Economists and business writers tread a fine line between staying true to the data and the reality of the experience suffered (or enjoyed) by individuals.
There is a risk of coming across cold and robotic.
Take the Mycoplasma bovis outbreak.
I felt a little cold hearted this week pointing out the scale of the cattle cull is not statistically large.
The New Zealand farming industry killed 4.2 million cattle last year, it killed 4.8 million in 2015.
The cull of about 150,000 across two years is well inside normal annual fluctuations.
It won't present any significant issues for the meat processing industry.
We won't see apocalyptic-looking funeral pyres burning across the countryside as was the case in the British Foot and Mouth disease outbreak of 2001.
We might see some impact on total dairy production but, economists point out, supply constraints in New Zealand typically push global prices up – offsetting the loss.
Yet some farmers may lose their entire herds. Some may never recover.
This will be devastating for those concerned and have serious flow-on effects through their communities unless compensation and support are managed extremely well.
At the official press conference on Monday, led by the PM and Minister of Agriculture, Rural Women president Fiona Gower warned of the risks of increased family violence and suicide.
This is serious stuff.
But the macro-economic impact on whole country is marginal. Economists are taking a watching brief but none has revised forecasts for GDP growth, unemployment or Reserve Bank interest rate moves.
They are keeping the issue in context and it is important we all do the same.
I prefaced my news commentary with the line: "Not to diminish the serious impact on individual farmers..."
It was a genuine comment but I fear it sounded glib and it did seem to upset some people.
It's true that the rest of my words were clearly written to diminish something.
My target was the shock and horror coming from breathless townies - in social media, letters to the editor and in some of the news coverage.
It strikes me that most of the farming community and agricultural industry has approached the M. bovis issue in an pretty matter of fact and realistic way.
I'd be a breathless townie too if I hadn't spent three years being perpetually gob-smacked as primary industries editor when I first started at the Herald.
The scale of the New Zealand farming industry is staggering and it is still largely unrecognised or misunderstood by the bulk of New Zealand's increasingly urban population.
It is easy to forget how much our economy relies on it and how vulnerable that makes us.
New Zealand exported about $53 billion worth of stuff to the world last year. About $32b worth of that stuff was food and beverages.
Throw in trees and primary industries account for $40b - or 75 per cent - of what we export.
I'm a big champion of the tech sector because we need to diversify - but we also need to be realistic.
Most of the recessions New Zealand has faced in the past decades have been caused by issues relating to agricultural exports - either drought or sharp falls in international commodity prices.
That's why all governments - including this left leaning, mildly Green coalition - give the industry special treatment that can sometimes seem unfair.
It's also why the reporting of biosecurity issues is an issue of national importance.
Painting an overly negative picture risks making the outcome even worse.
I've seen the Kiwi dollar plunge on false rumours of a Foot and Mouth outbreak.

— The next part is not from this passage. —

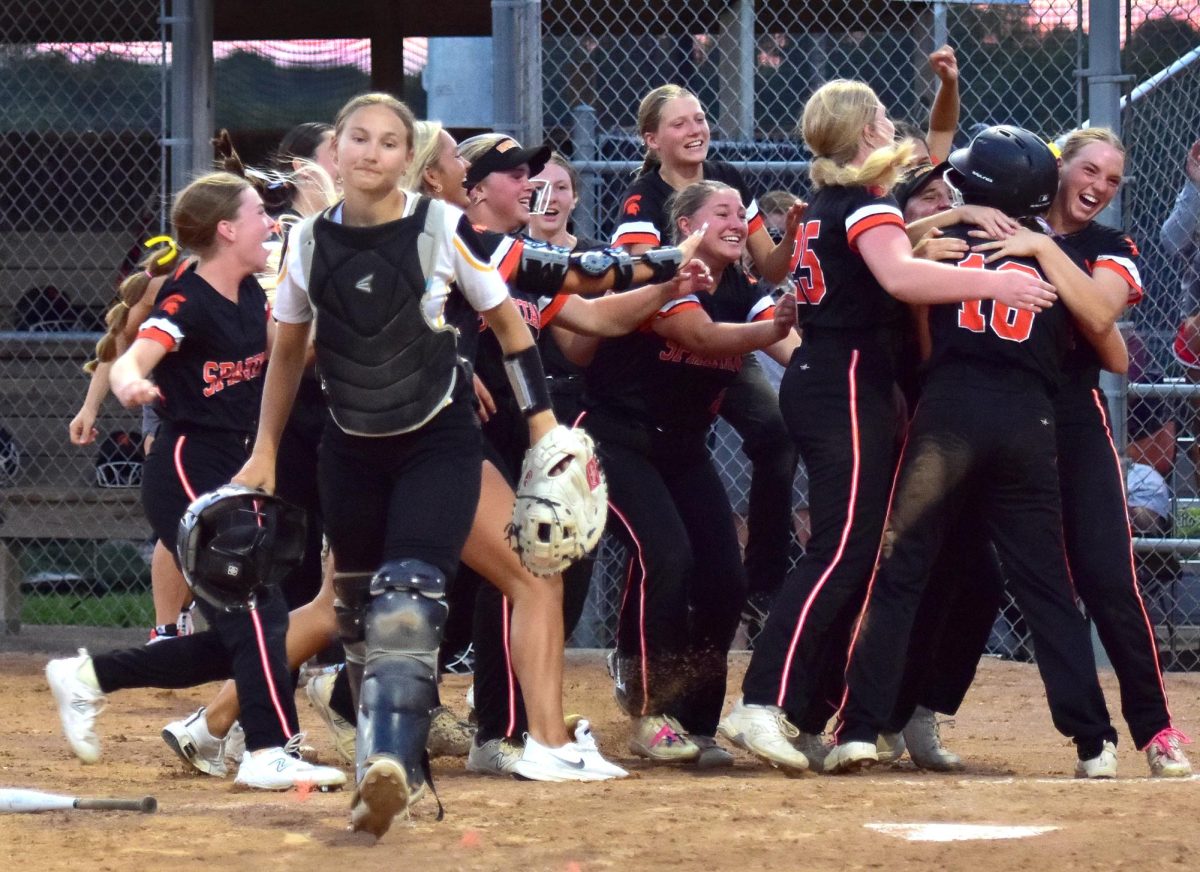 The Lady Spartans swarm Keegan Kleppe (18) after she scored the
winning run in a 3A Regional Championship against Center Point-Urbana. Laeni Hinkle drove in Kleppe in the bottom of the 7th inning breaking a 3-3 tie and sending Solon to the State Tournament for the first time since 2016.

Agricultural disease remains one of the triggers that global currency traders are most alert to when they think of New Zealand.
It was relief to watch the Kiwi dollar hold steady and even rise a bit as news of M. bovis eradication efforts broke on Monday.
It was evidence that the Government has handled the process well to this point.
But there are broader risks for New Zealand exporters. All our trading partners already live with M. bovis in their cattle herds. But consumers don't necessarily know that.
"New Zealand to cull 150,000 cattle after disease outbreak" doesn't sound like a great advert for our meat and dairy products.
But that's the headline that went out through British, European and Asian news agencies.
Our exporters will be fine at an official level – but officials don't determine consumer behaviour.
Then there is the risk that rural community concerns spill over unnecessarily into local consumer and business confidence.
Dairy prices are back at historically high levels, the terms of trade for all of our export commodities are strong.
There is the opportunity for a rural recovery to drive economic growth in the next couple of years as a cooler property market and capacity constraints slow urban growth.
This would be a positive rebalancing for the New Zealand economy - back towards the productive sector.
Detailed economic outlooks by the NZ Institute of Economic Research and the OECD last week presented upbeat forecasts for New Zealand, with GDP growth holding at three per cent.
If the agricultural sector can lead the way, we'll effectively be entering a fresh cycle of economic growth without having suffered the recessionary meltdown we've become accustomed to.
With that comes the opportunity to make the country better for all New Zealanders.
It seems like a pretty good reason to make sure we look after our farmers.